Policy needs shift and evolve, and the society and economy that federal statistical agencies seek to measure are also evolving and changing at a rapid pace. To provide relevant information, statistical agencies must attend to changes in policy issues in their domain, identify emerging needs, and work with their data users and stakeholders to identify gaps in the agency portfolio or potential new statistical products that are needed (see Practice 9). One option to address needs for new information is for the agency to create experimental series; doing so allows the agency and its users time to evaluate a new data product without impacting existing data series (see Practice 5).
Recent years have witnessed an explosion of new data sources, some providing more geographic detail and more timely (some in near real-time) information than federal statistical programs. Users have come to expect more, better, and faster data. At the same time, individuals and businesses have been less and less willing to complete federal surveys and provide information to the government (a phenomenon that also affects private sector surveys). Declining response rates have increased agency data collection costs, while federal statistical agency budgets have generally declined in real terms for more than a decade. Thus, agencies
Agencies should engage in regular, periodic reviews of their major data collection programs that consider how to produce relevant, accurate, and timely data in the most cost-effective manner possible, while seeking to maintain comparability in key statistics over time and across geographies (see Practice 6). In ongoing programs for which it would be disruptive to implement improvements on a continuous basis, a common practice is to bundle changes to implement several at the same time. For example, classifications such as the North American Industry Classification System (NAICS) are updated every 5 years and agencies may implement other changes at the same time as this. Agencies should ensure that the intervals between major research and development activities do not become so long that data collection programs deteriorate in quality, relevance, and efficiency (see Practice 6). When changes are made to ongoing data series, agencies should provide information to help users bridge across the old and new series.
An effective statistical agency keeps up to date on developments in theory and practice that may be relevant to its program. Examples of such developments include new techniques for imputing missing data (see, e.g., NRC, 2004a, 2010e) or for combining data from more than one source and estimating error in the resulting statistics (see NASEM, 2017b); new technologies for data collection, processing, and dissemination; new methodologies addressing data confidentiality and disclosure avoidance; new techniques, such as machine learning or artificial intelligence, to analyze and process data; and new kinds of and uses for data about collection processes (paradata) (see, e.g., NRC, 2013a).

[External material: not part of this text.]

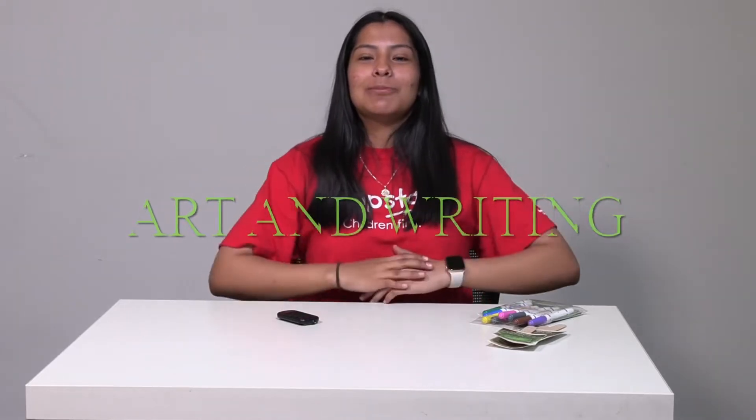Hi friends, it's Teacher Mariana and welcome to Art in Writing. Today in writing we are going to look at all the vegetables and try to write their names on these wooden sticks so we can know which plants are growing where.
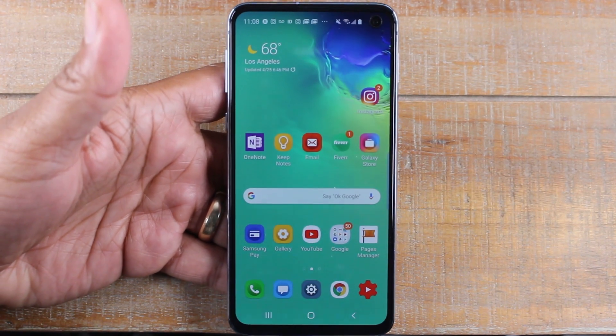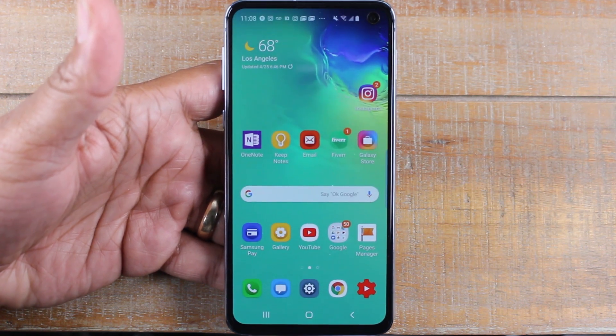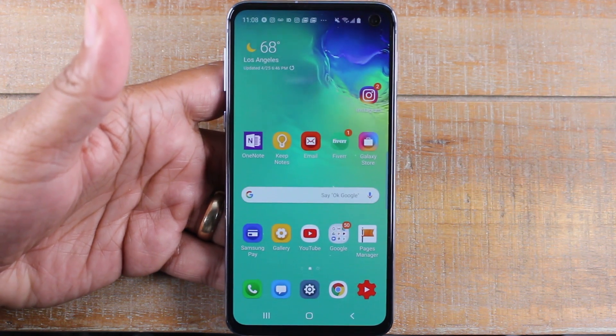Hey guys, Wayne here from H2TechVideos. Today I want to show you how to take a screenshot on the Samsung Galaxy 10e. It's super easy.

Statistical agencies need a robust research program that includes statistical methods, quality assessments, and evaluations of potential new data sources. An effective statistical agency seeks out and carefully evaluates the quality and utility of potential new data sources and methods to harness information that could be useful for statistical purposes. Nontraditional data sources, such as sensor or transactions data, and fuller use of administrative records can potentially contribute to statistical programs by: (1) augmenting information obtained from traditional sources such as surveys; (2) replacing information elements previously obtained from traditional sources; (3) providing earlier estimates that
are later benchmarked with traditional sources; and (4) analyzing information streams to identify needed changes (see Practice 5). Agencies also need the appropriate IT infrastructure to handle alternative data sources. History has repeatedly shown that research conducted within federal statistical agencies on subject areas, methods, and operations can lead to large productivity gains in statistical activities for a relatively low cost (see, e.g., Citro, 2016; NRC, 2010c).
An effective statistical agency has a culture of continual improvement and innovation. All employees, and not just research staff, should be encouraged to seek to innovate and improve their functions within the organization. Staff in production and support areas should seek to improve processes, methods, and cost-effectiveness (see Practice 3). A statistical agency also needs to hire staff with cutting-edge skills and maintain and enhance the skills of its current staff through ongoing training and development opportunities so that it can continually improve and innovate (see Practice 4). To take the greatest advantage of staff with new and improved skills and to better support their operations, statistical agencies should maintain and regularly upgrade their information technology infrastructure.
The decentralized nature of the U.S. federal statistical system can make it difficult for federal statistical agencies to easily learn from each other, but interagency and international collaborations can provide important and useful means for improving statistical programs. Some issues, such as accessing and using new data sources, are common to many statistical agencies and can benefit from collaborative research across organizations (see Practice 7).